I was driving in my relatively expensive and comfortable 4×4, leather seat and air conditioning cool on a hot afternoon. Picked my daughter from her paid for swimming lesson at a relatively expensive private school (only place nearby with a decent pool and coaches). We slowly drove away as children from a neighbouring government school walked on their way home. Homes far more humble than those children scrambling to climb abroad loads of large 4x4s are headed to. The cars are usually parked by people who think they are more important than the rest of us so navigating through and making sure children are seen requires full time attention.
Alas, not everyone is attentive and watching. A lady checking she has not missed the latest notification on her smartphone of tomorrow’s ‘latte decaf and careful on the sweetener’ meeting does not know one girl is brushed by a side mirror on her 4×4. The girls, there are three, decide to walk a little more prominently in the road. I like their approach. Acknowledge their assertiveness as we crawl up behind them.
The tallest girl, no more than ten years of age, acknowledges the car’s presence, it does not matter about the people in the car. She is asserting the right to go home safely as all people should be doing. I stop the car and let them walk the ten metres along the road before turning off the opposite side to take their short cut toward home. I say to my daughter, my important passenger:
‘Look at these girls asserting their rights’
‘What does assert mean’ She asks
‘To claim, to declare; to make sure you get what is yours. Does this make sense?’
‘Yes. How were they doing that?’
‘By being right to force us to take care and let them, as people, be priority over all these big cars. Is that right?’
‘Yes,’ says my daughter, ‘people come first. And those girls are being good for the environment walking to and from school.’
Good points. How many of us can say this of our own daily routines? More perhaps, and maybe the majority, in some cultures where neighbourhood schools are apparent and possibly human powered transport is safe.
In Africa, with its inequity, central locking and guards on gated communities abound. This is where the feeling of principle and practice are often divorced. Hitting the central locking is sensible. Walking places is a good move – when safe. Making points is a necessity particularly when latte sipping fools think they can drive and read messages at the same time. People have moved from expediency to laxity and regularly treat people with utter disdain.
Here is the point of this encounter. Lasting less than two minutes, we see the issues of development encompassed.
0 to 20seconds – A person not caring and simply driving through worried more about social posturing than the lives of those around her posing box on wheels.
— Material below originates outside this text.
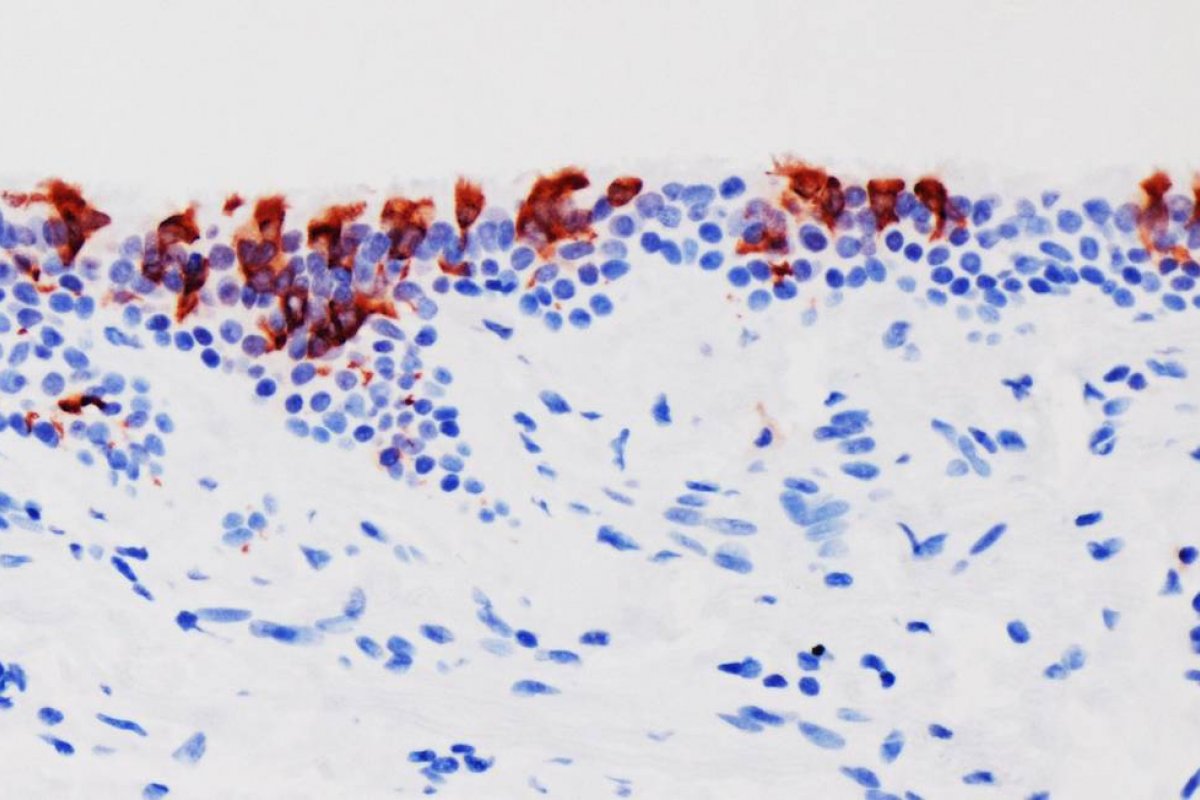 Incidência da Ômicron já é de 31,7% em oito estados do Brasil, diz levantamento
21 to 60 seconds – Girls express their concern to each other making sure they are ok.
61 to 90 seconds – They place themselves in the ascendancy, make sure people do not ignore them.
90 to 110 seconds – A laugh, a joke, the joy of life expressed.
111 to 120 seconds – The look to communicate animosity, genuine hostility, toward another 4×4 being driven recklessly toward them.
Hostility and animosity directed toward people driving big expensive cars who do not give a shit. The power in those eyes was fantastic. This is where real action starts to turn such power to drive forward the agendas addressing, first off, road deaths, then better schooling for all and on to how we all make sure equality lives well beyond 5 star, metal detector guarded hotel conference rooms.
It starts with individual actions. All of us have to learn to look deep into people’s eyes and communicate intent to make things happen positively. By all means, enjoy the latte; but make sure to not talk about it on your telephone when driving. Make sure next time you are out and about to speak with people. Engage, listen to hopes and dreams behind the faces you see. Fore, if you do not engage and learn, then the looks will become ever more hostile. And the animosity will manifest itself in naked hatred seen in random attacks and acts of violence we all know too well. Do not believe politicians and their terrorist claims all the time, ordinary people hit by a car wing mirror can become the instrument of mind manipulators; if we do not engage.
Get off your phone and get into real social media – talk with the waiter or waitress when you order the next latte. Make a difference.